Antibiotics: solving an evolving problem

The death of a 70-year-old woman in Nevada, US, in September 2016 was a tragedy for the whole world, because of what it warns us about the future for antibiotics. She died after being treated for a hip injury in India and then getting a bacterial infection that drugs couldn’t fight off. Later tests showed the germ involved could survive 26 different antibiotic types.

This patient is not alone in facing bacteria that survive antibiotic treatment, an ability known as antimicrobial resistance (AMR).
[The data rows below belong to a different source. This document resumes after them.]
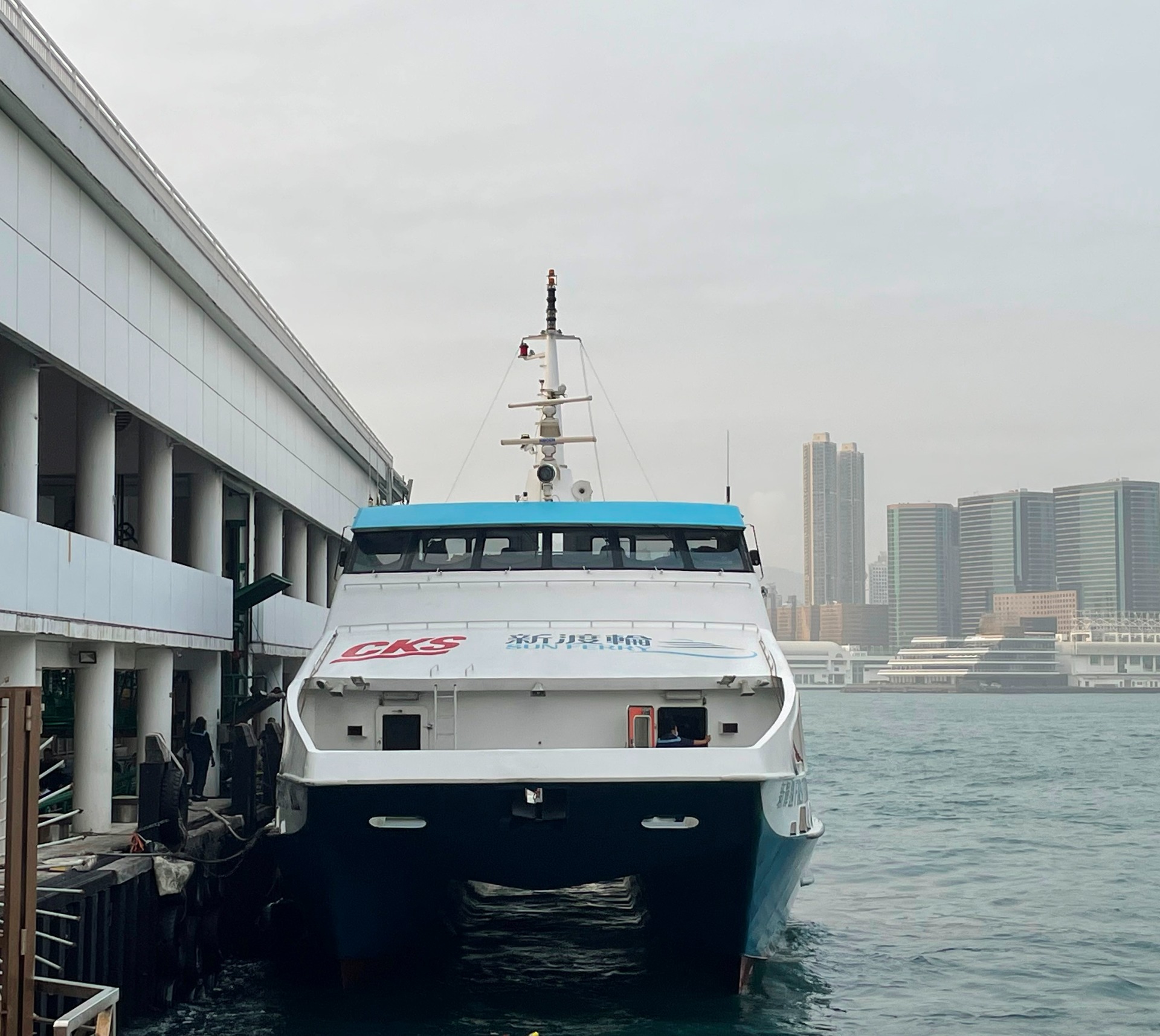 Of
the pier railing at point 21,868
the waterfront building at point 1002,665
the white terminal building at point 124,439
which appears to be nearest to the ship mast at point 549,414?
the white terminal building at point 124,439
In 2016, the UK’s AMR review, led by Lord O’Neill, found that drug-resistant infections already cause around 700,000 deaths worldwide each year. It also predicted this could rise to 10 million deaths a year globally by 2050.

AMR partly comes from how bacteria multiply and evolve naturally, with one cell splitting into two every 20 minutes. Sometimes errors in copying the genetic instructions for making proteins in the new cell lead to resistance. Bacteria can also share useful genes with other germs that don’t have to be the same type, known as horizontal gene transfer. Giving antibiotics then kills some germs, but those with genes that help ignore or fight the drugs carry on growing and multiplying normally.

Resistance emerges quickly, notes Laura Carro-Santos from the University of East Anglia in Norwich, UK. Doctors started giving an early antibiotic, streptomycin, in 1946. ‘The first time resistance was observed was that same year, 1946,’ Laura says. ‘You’ll see other examples where there is a gap of 2–3 years.’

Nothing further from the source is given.